Stowe lake, at the base of Strawberry Hill, San Francisco
I had an hour-long conversation with my sister tonight about running. Well, actually, the conversation was about life, which is to say, it was about running. Our talk meandered around and eventually I shared with her my latest triumph amidst the ruins. I haven’t been able to run off into the hills for the 18-20 mile runs that I want and need, so I’ve been grumpy and sad. I’ve been feeling sorry for myself, mad at myself, and generally despondent about losing a favorite activity. I have been doing my mini “triathlons” which consist of 3 mile runs in Golden Gate park, biking 6 miles to school and then swimming 1200 meters before class. These keep me sane, and allow me to sleep at night. But they don’t cover the kind of ground I wish to cover.
I realized, as we were talking, that what I miss is covering ground. Covering distance. What I always liked about biking, for example, was the ability to go 100 miles, or 1,000 miles, or whatever.
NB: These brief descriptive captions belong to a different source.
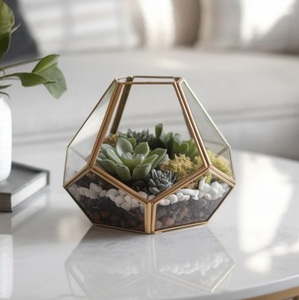 Nueva Colección de Terrarios Geométricos de Vidrio con Marco Dorado, Portavelas Colgante, Decoración para el Hogar, Centro de Mesa para Interiores - Product Image 2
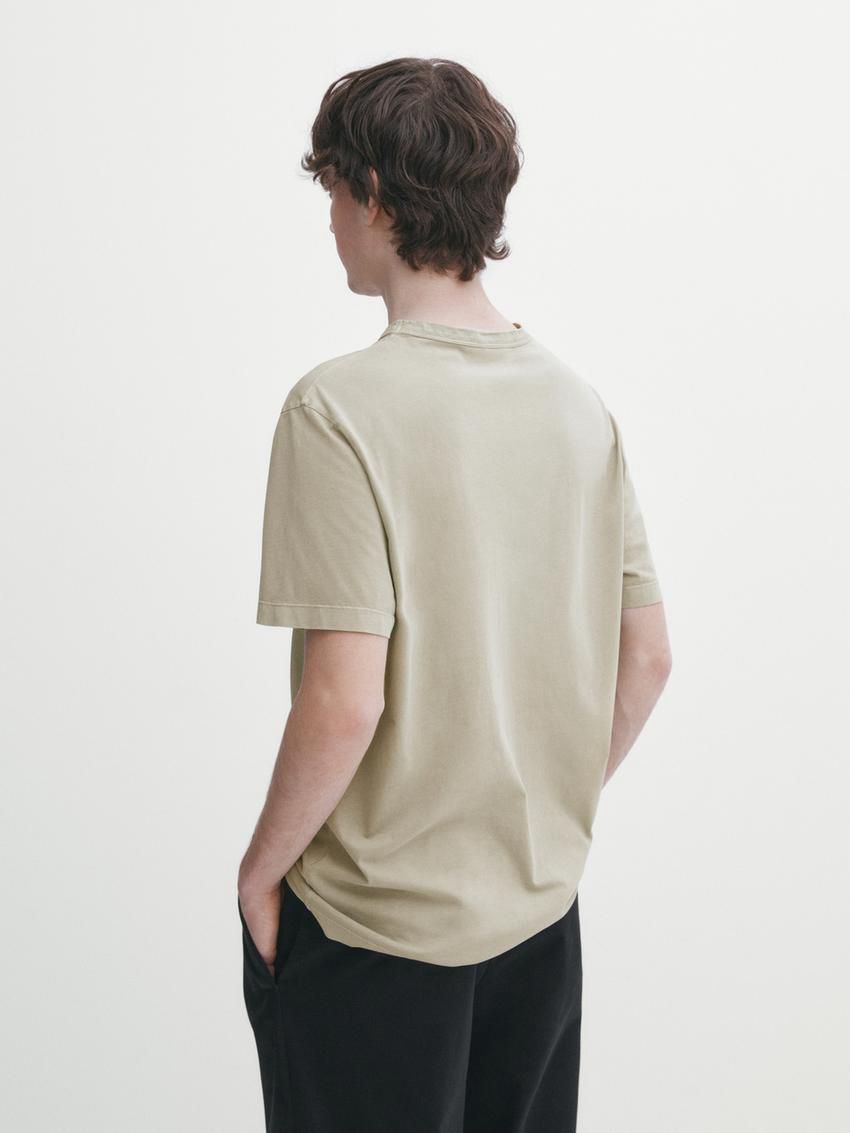 Massimo Dutti Dyed Effect Cotton Men T-Shirt Khaki | US-LI6783940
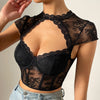 Round Neck Lace Diamond Cutout Corset Crop Top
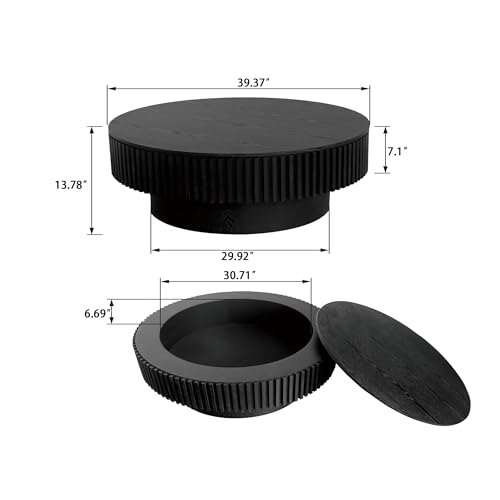 31.5" Round Drum Coffee Table with Storage, Handcraft Fluted Drum Coffee Table, Modern Wooden Circle Cocktail Tea Table Center Table with Sturdy Pedestal for Living Room Apartment (Walnut)
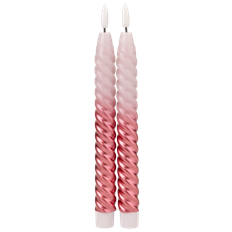 LED Kronelys snoet 25 cm - Rosa 2-pak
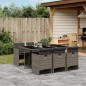 vidaXL Set comedor jardín 7 pzas y cojines ratán sintético gris vidaXL Set comedor jardín 7 pzas y cojines ratán sintético gris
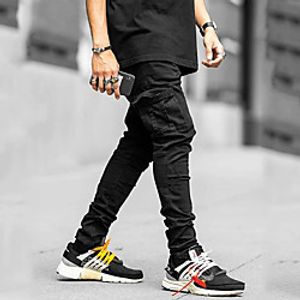 Men's Classic Style Jeans Pants Solid Color Black miniinthebox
I hate it when people say, “why don’t you just go for a bike ride?” Blegh. Why? Where to? No thanks— not unless there is a destination. Same thing about kayaking, or canoeing. I don’t want to go for a paddle around the lake, thank you. But ask me to take off on a many-nautical-mile adventure for multiple days covering many islands and waterways, or to paddle 100 miles down a river through the desert, and I am totally on top of it.
So it was with mild chagrin that I realized I have been acting like a complete baby. I’m not crippled. I’m not paralyzed, or in a wheelchair. I don’t have Polio. I can walk. I really can do this. I just can’t run very far right now. But the whole goal right now is to just walk. A lot. I mean, I have to get my walking muscles ready to do this thing, every day, for days and days at a time. Twenty miles a day, 7 days a week: That is what I need to be training for right now.
I’ve basically been sitting for two years. I mean it. I used to be on my feet everyday, 8-10 hours per day when I was a nurse/gardener/dog walker/hiker/surfer person in my former life. But all I’ve really done these last few years is sit and sit and sit… with a little bit of running thrown in there to get the angst out. Just enough running, really, to get my confidence to a place where I think I can race-- and then I get hurt. What a fool.
I used to walk like crazy. And then, in those days, running wasn’t so hard to do because I was already walking 20 miles per week. But now, when I try to run 20 miles a week, straight off my lazy ass, I hurt myself. NO wonder!
Today I did a mini epic walk, like the kind I used to do almost daily with my dog in Newport, Oregon. Today, we discovered Strawberry Hill in San Francisco—a place from which you can see all of the city, the bridge and the ocean! I walked for hours and came home hungry and tired and pain-free! And, most importantly, happy. It’s better to focus on what we can do, then on what we cannot do. It’s all about perspective.